Der Begriff ‚Garten‘ (Substantiv, maskulin) stammt von dem Mittelhochdeutschen Wort ‚garthe‘, bzw. dem Althochdeutschen Wort ‚garto‘ ab und bedeutet im eigentlichen Sinne ‚das Umzäunte‘. Die Begriffe ‚Grünanlage‘ und ‚Grünfläche‘ können synonym zu dem Begriff verwendet werden. Laut Duden ist ein Garten „ein begrenztes Stück Land [am, um ein Haus] zur Anpflanzung von Gemüse, Obst, Blumen o.Ä.“. Ein Garten kann für eine große Arten- und Pflanzenvielfalt ein Zuhause sein. Er stellt für sie ein lebenswichtiges Biotop (siehe Artikel Biotop) dar, in dem sich viele unterschiedliche Tierarten wie Hummeln, Schmetterlinge, Bienen und Co., aber auch Pflanzenarten, wie der Apfelbaum oder der Löwenzahn wohl fühlen.

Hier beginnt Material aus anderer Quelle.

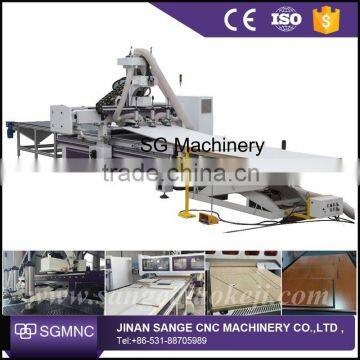 Panel Furniture Production Line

In der Literatur gilt der Garten seit der Antike als literarischer Topos – locus amoenus (=lieblicher Ort) –; ein Ort, an dem sich zum Beispiel Liebende treffen, die Sonne scheint, der Bach plätschert und die Vögel zwitschern. Diese positive symbolische Aufladung ist auch in der Religion verankert, da das Paradies durch den Garten symbolisiert wird, in dem es viele verschiedene Pflanzen, eine friedliche Tierwelt, Frieden und Glück gibt. Schriftsteller:innen und Künstler:innen erschaffen an diesem Ort eigene fiktive Welten und finden dort außerdem die Quelle der poetischen Inspiration (vgl. Ananieva, 30).

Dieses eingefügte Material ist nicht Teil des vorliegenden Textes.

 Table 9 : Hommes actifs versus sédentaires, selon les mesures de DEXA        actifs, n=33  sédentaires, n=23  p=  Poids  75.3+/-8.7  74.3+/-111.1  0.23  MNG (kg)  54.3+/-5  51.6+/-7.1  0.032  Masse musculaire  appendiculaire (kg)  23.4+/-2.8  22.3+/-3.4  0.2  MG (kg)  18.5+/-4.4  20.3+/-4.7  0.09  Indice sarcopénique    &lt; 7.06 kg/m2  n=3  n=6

In seinem Gedicht „Das sind die Gärten, an die ich glaube“ aus dem Jahr 1897 arbeitet sich beispielweise auch Rainer Maria Rilke am literarischen Topos des locus amoenus ab. Wörter wie „Schweigen“ (V.4) , „Milde“ (V.8) und „Teich“ (V.5) spiegeln die Eigenschaften des „lieblichen Ortes“ wider. Besonders die Verse „Auf dem Teich aus den glänzenden Ringen schwimmt ein Schwan dann von Rand zu Rand“ (V.5-6) vermitteln ein Bild der Ruhe und Reinheit. Die Alliteration „Milde des Mondes“ (V.8) verleiht dem Gedicht eine ruhige und fließende Melodie, die sich durch das ganze Gedicht hindurchzieht. Besonders die aufkommende Dunkelheit wird nicht als bedrohlich empfunden, sondern eher als beruhigend und schützend. Das lyrische Ich spricht von den Gärten, an die es glaubt (V.1), was als der Gedanke an das Paradies interpretiert werden kann. Die erste Strophe ist besonders den Pflanzen gewidmet. Das lyrische Ich spricht von den Beeten, der Laube und den Linden.
Das sind die Gärten, an die ich glaube…
– Rainer Maria Rilke (1897)
Das sind die Gärten, an die ich glaube:
Wenn das Blühn in den Beeten bleicht,
und im Kies unterm löschenden Laube
Schweigen hinrinnt, durch Linden geseigt.
Auf dem Teich aus den glänzenden Ringen
schwimmt ein Schwan dann von Rand zu Rand.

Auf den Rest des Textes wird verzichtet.